#### GIVEN DATA ####
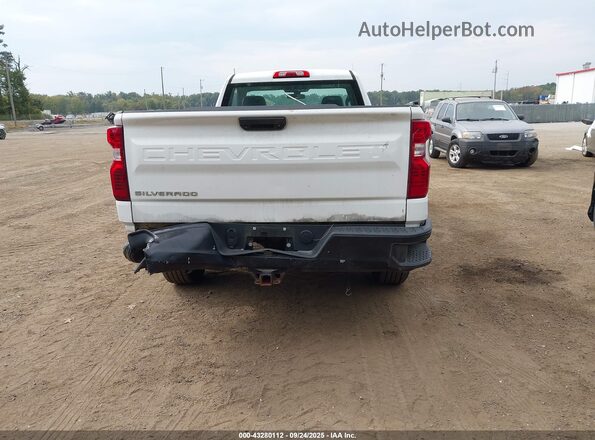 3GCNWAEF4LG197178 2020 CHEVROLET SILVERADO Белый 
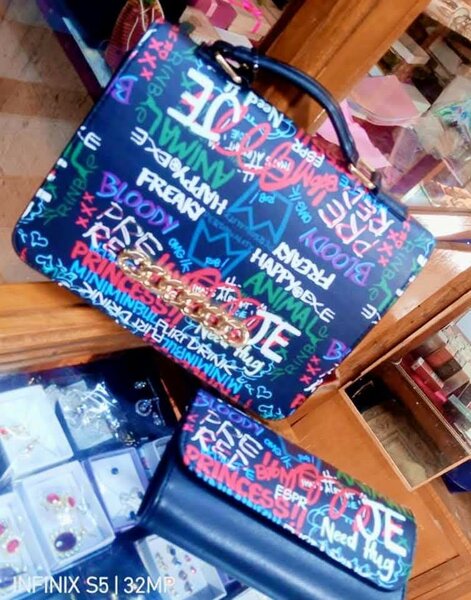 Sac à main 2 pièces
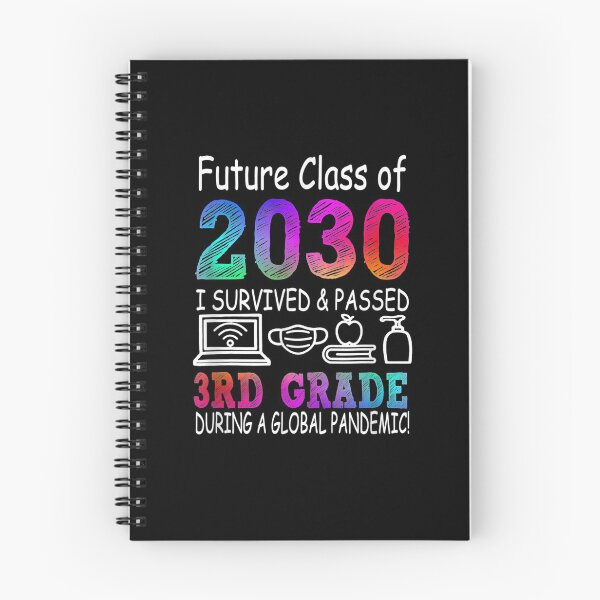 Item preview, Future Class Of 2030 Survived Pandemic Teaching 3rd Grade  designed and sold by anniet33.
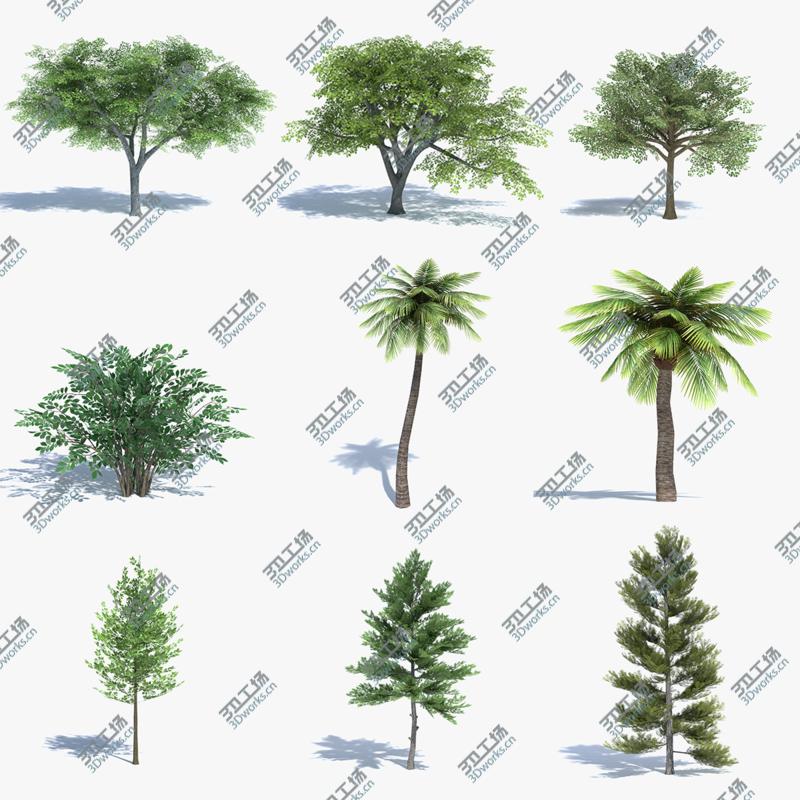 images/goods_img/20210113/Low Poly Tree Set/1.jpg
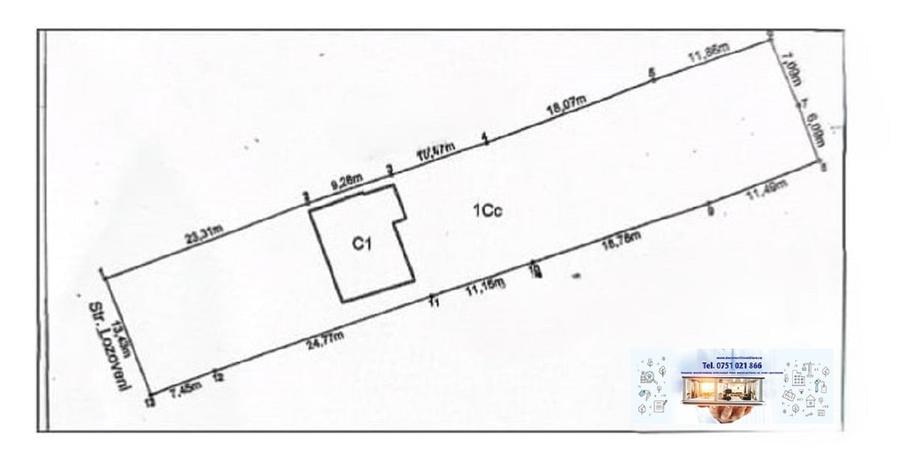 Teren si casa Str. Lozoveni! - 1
####
#### GIVEN DATA ####
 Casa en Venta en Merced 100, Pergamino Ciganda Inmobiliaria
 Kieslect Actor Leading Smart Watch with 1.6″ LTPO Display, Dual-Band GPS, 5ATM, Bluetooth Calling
####
# YOUR OBJECTIVE:
From the records above, copy exactly the stretch from the line holding "3GCNWAEF4LG197178 2020 CHEVROLET" through the line holding "Teren si casa Str. Lozoveni! - 1", both ends included, without the pictures.

# TASK ANSWER:
 3GCNWAEF4LG197178 2020 CHEVROLET SILVERADO Белый 
 Sac à main 2 pièces
 Item preview, Future Class Of 2030 Survived Pandemic Teaching 3rd Grade  designed and sold by anniet33.
 images/goods_img/20210113/Low Poly Tree Set/1.jpg
 Teren si casa Str. Lozoveni! - 1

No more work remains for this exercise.